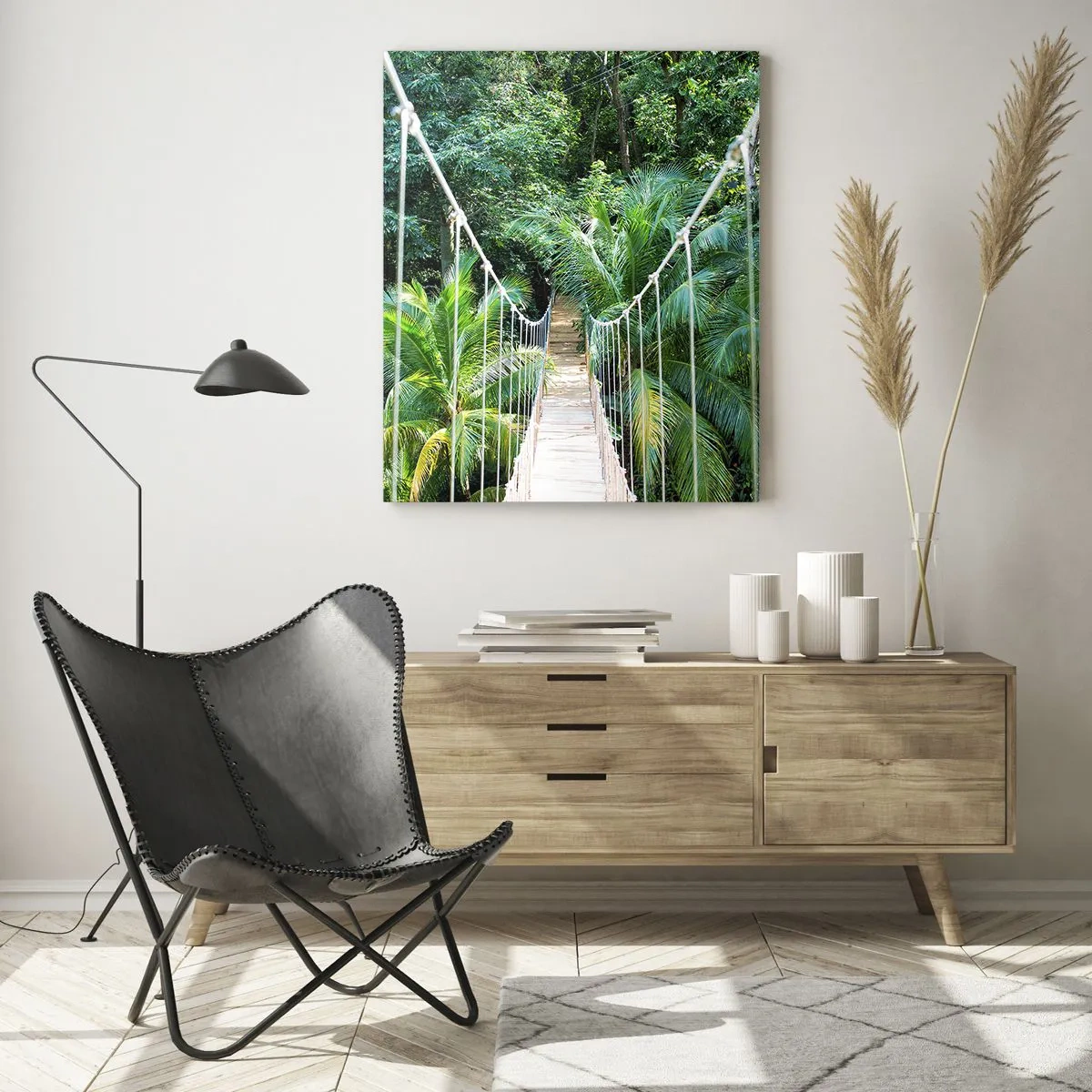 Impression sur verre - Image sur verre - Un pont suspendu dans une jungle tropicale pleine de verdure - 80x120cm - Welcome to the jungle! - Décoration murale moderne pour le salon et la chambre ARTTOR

------

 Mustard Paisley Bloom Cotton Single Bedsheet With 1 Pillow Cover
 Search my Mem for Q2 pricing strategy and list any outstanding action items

------

- Problem details
Above this task is a listing. Restate, word for word and with nothing added, the lines from the one with "Mustard Paisley Bloom" through the one with "Search my Mem".

- Response to this task
 Mustard Paisley Bloom Cotton Single Bedsheet With 1 Pillow Cover
 Search my Mem for Q2 pricing strategy and list any outstanding action items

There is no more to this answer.